Liebreich also rejects the notion that the island nations such as the UK should focus more on wave power than onshore wind to prevent Nimbyism.

“Wave will get the same Nimby pushback as onshore wind because as soon as somebody comes and says, ‘where you used to go on holiday as a kid… we're going to put a wave power generator just along there and you'll be able to see it from the shore.’, it’ll be, 'oh no, we won't be able to do that'. And you can go around the coast and you can immediately find the communities and the people who will object to any location used for wave power because it will be these great big things [installed] where it's wavy, which is near the shore, which is where they can be seen. And they will change the amount of sand or pebbles that accumulates on beaches.

“And so it's a fallacy to think that we'll be able to do wave [power] any easier than we can do onshore wind from a social perspective.

“That doesn't mean we can't do it somewhere. I think where wave might work would be for local communities or, for instance, desalination on the coast of Africa or Southeast Asia where you have a need for fresh water and you've got waves. Let the wave create pressure, and use that pressure to directly drive reverse osmosis.

“Or the military might use it for naval bases or there might be distributed wave [power] where you use it for emergency [power] supply.”

Similarly, Liebreich believes that tidal lagoons will remain too expensive (unless a breakwater needs to be built anyway). He points to the £1.3bn ($1.62bn) 320MW Swansea lagoon scheme, which called for a 9.5km of new seawalls, and was last year rejected by the British government on cost grounds, saying the £92.50/MWh strike price (which would have far higher were it not for a promised £200m cash injection from the devolved Welsh government) was much more expensive than other renewable technologies.

But Liebreich believes there is a future for tidal-stream turbines.

“Tidal is expensive, but it's output is more valuable because it's predictable.

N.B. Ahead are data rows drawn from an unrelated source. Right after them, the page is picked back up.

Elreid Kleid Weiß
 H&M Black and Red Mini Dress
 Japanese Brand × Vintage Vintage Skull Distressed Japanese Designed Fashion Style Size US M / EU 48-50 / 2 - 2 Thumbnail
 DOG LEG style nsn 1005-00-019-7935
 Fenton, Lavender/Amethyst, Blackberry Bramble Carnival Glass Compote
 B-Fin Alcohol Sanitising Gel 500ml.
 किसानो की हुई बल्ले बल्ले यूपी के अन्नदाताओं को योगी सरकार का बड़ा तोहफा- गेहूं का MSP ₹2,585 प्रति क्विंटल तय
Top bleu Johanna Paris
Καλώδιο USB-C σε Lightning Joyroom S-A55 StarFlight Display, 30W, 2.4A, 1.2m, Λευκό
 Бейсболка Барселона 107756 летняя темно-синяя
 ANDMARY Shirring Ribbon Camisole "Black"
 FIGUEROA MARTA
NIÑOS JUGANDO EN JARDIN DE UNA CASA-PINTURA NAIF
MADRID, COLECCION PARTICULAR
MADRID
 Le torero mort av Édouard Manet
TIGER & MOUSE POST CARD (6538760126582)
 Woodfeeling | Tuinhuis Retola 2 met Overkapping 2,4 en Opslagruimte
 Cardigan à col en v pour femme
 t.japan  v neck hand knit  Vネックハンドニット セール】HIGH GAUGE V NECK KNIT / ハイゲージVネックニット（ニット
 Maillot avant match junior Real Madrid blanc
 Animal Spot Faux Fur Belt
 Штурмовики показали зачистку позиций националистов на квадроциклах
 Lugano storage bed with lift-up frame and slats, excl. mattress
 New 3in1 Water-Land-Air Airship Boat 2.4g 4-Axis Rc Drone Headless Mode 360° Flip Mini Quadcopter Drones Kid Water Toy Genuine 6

So you can rely on tidal to make all the hot water that a city needs for the next 12 hours, for instance. And potentially, if you look at an island like the UK, which has got tides at different times, you could start feeding it into the transmission grid and it becomes very dispatchable — very nice.”

He adds that despite the inefficiencies, politicians may well choose to decide to invest in wave power and other costly technologies.

“We’ll still find that politicians will put money into direct-air capture, solar roads, wave power and hydrogen cars because all of these things run off the most abundant renewable resource known to politicians — taxpayer's money.”